Sincerity on the part of all concerned played well to swerve a
careering BCB from the brink of a deep ravine called 'ego'.
Wonder why we are discussing cricket first when anyone knows that
football had traditionally ruled Bangladesh sport. Well, in the past
year, there was practically no football. The Dhaka Football League,
the very life that made Bangabandhu (erstwhile Dhaka) Stadium the
heart of our national sports, never got off the launching pad in 1998
due to the insistence of football clubs and players, and the football
federation (BFF) that the Bangabandhu was a 'must' if football was to
thrive. Plans to hold the Bangabandhu (international) Football Cup
also went up in smoke.
Bangabandhu Stadium was the apple of discord between the two most
powerful games. The cricket board (BCB), because of its ICC success
and World Cup 1999 qualification, earned its right of use. BCB became
the nation's golden boy after the ICC triumph and the Bangabandhu was
given exclusively to cricket for its World Cup preparations.
This offered football the alternative to play at the Mirpur stadium
but the popular football clubs, citing poor crowd and insecurity
there, put their foot down. They wanted to play at the Bangabandhu
and nowhere else. The National Sports Council (NSC) offered both BCB
and the BFF the Fatullah carrot by announcing that a new stadium
would be built there. One BFF official was quoted as saying,
"Stadiums can be built anywhere, but we will play football at the
Bangabandhu". In fact, BFF will be given the National No. 1 stadium
from May after the cricketers leave for England.
While the nation is quite pleased to shun football and pamper cricket
in view of the impending World Cup, any amount of dismal performance
in England will ricochet on cricket and the Bangabandhu will be
handed over on a silver platter to football.
The only football seen last year was the tail of the 1997 football
league. Muktijoddha Sangsad broke a quarter-century of
Mohammedan-Abahani shackle to lift the championship in style. Only to
prove it was no accident or a result of anybody's clemency, the
red-and-whites went on to bring home the prestigious IFA Shield from
India. Over the years, Brothers Union had shown flickers of promise
and had often seriously threatened the MSC-AKC domain but Muktis
showed it was possible.
Hockey showed promise somewhere down the year. But, in the end, it
was sunk as deep as the Titanic, another highlight of the year.
Consuming over two dozen goals in four matches at the Asian Games has
taught us a lesson or two, if not hockey.
The problem is every Bangladeshi participating in international
tournaments abroad utters the cliché - they are going in it for 'the
experience'. What an utterly expensive exercise! What can
weightlifters, boxers, swimmers, golfers, athletes or, for that
matter, anyone learn from participating in competitions abroad that
they cannot possibly learn at home from top-grade coaches? And by
sheer sweating? International sport is no roller coaster that you
have to ride on it to feel the thrill. Abebe Bikila (1932-1973) did
not need any experience or exposure before the lanky Ethiopian won
the Olympic marathon, and in bare foot too.
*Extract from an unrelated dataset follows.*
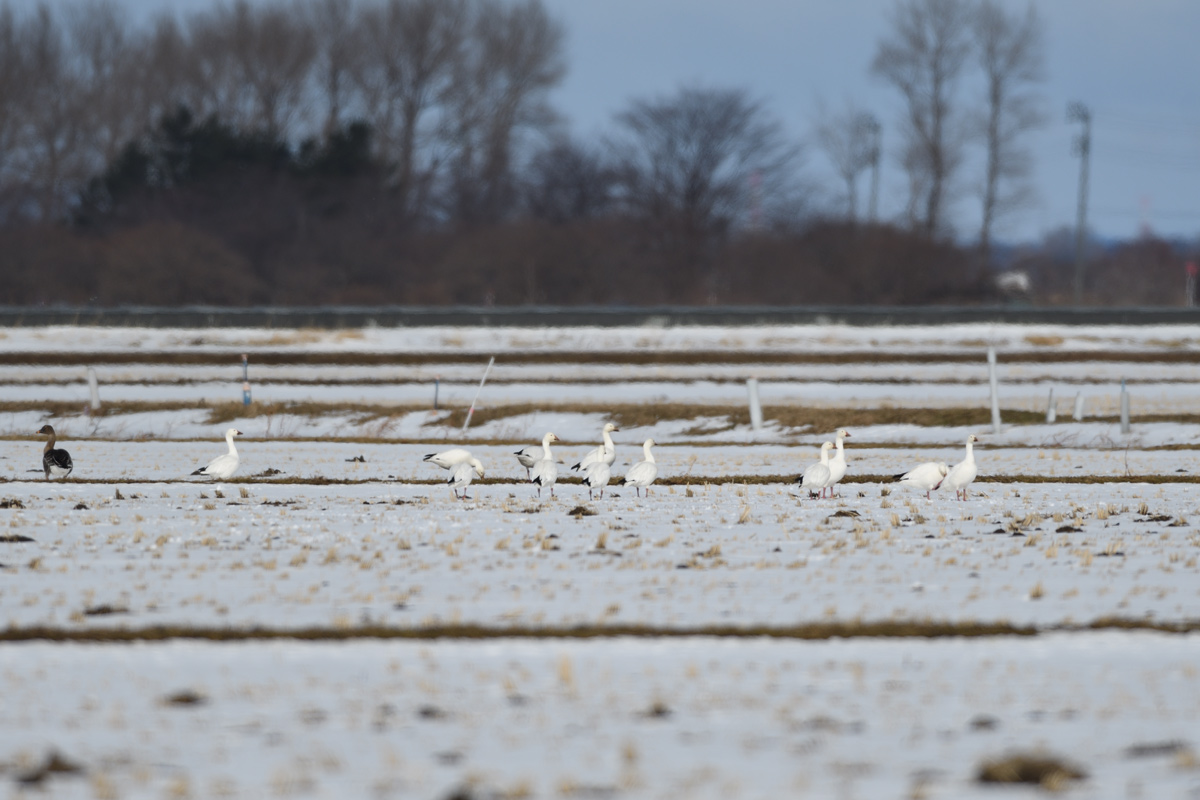 SNOW GOOSE_a0039245_2219515.jpg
There has also been some activity in other federations. Most of the
events were held in a lacklustre manner and were means for federation
officials to justify their very existence.
As in the past, foreign players have featured for local teams in
cricket, hockey and chess tournaments. Barring chess, the aliens have
dominated events in the other two. Perhaps not as much true for
hockey as for cricket, that playing with the better players from
abroad have helped to raise the confidence of our boys.
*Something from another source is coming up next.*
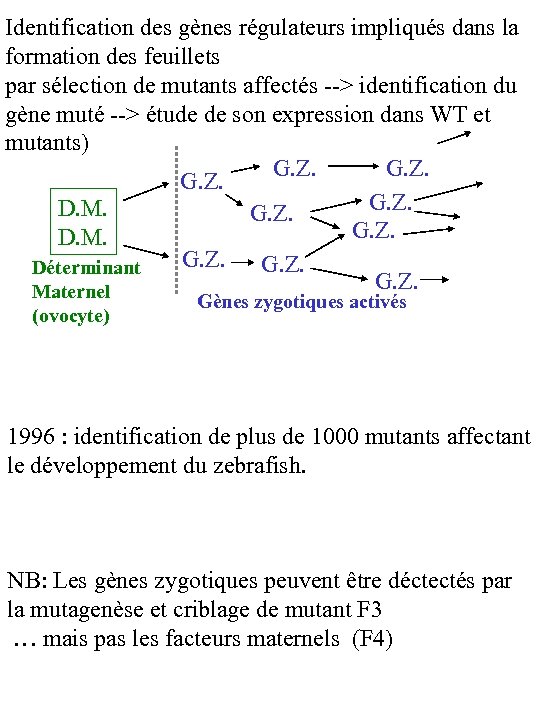 Identification des gènes régulateurs impliqués dans la formation des feuillets par sélection de mutants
A welcome relief in 1998 was the historic democratisation of the
sports arena. Elections were held to all major federations and a few
minor ones. The National Sports Council, the government sports
controlling organ, held on the leash by keeping the provision to
appoint Presidents in an elected federation. The NSC also nominated
one member and, by some googly, two in cricket.
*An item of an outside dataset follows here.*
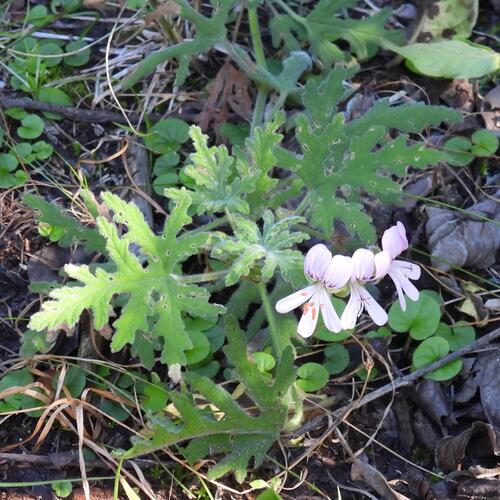 Pelargonium graveolens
To some extent, the purpose of the sports polls - to elect suitable
persons to run the federations - was defeated when councillors of the
District Sports Associations formed a forum. By sheer number, they
demanded of the coteries that had been governing each federation for
years a certain number of positions in the new committee. Consensus
single panel was the order of the day and, in federations (cricket,
badminton) where elections were contested between two opposing
panels, the panel, which had the support of the districts, won hands
down. The system decentralised sport to some extent but it excluded
some worthy workers and ushered in some opportunists. But then is
that not what democracy is all about?
Our passion for sport can to some extent be gauged by the coverage it
merits in every newspaper and the electronic media. Our appreciation
for quality can be fathomed from the over-filled stands during the
Wills. Needless to say, a nation that considers sport a passion
yearns for some success from its lads.
So high is our expectations, so thorough our failure, that there
seems to be the need for sweeping changes in each ingredient that
constitutes our sport. We need changes in the system that govern our
sport, not so much in the persons, but in policy matters. We need to
ring out the old and bring in the new. Let that be our New Year's
resolution. Not be broken on January 2.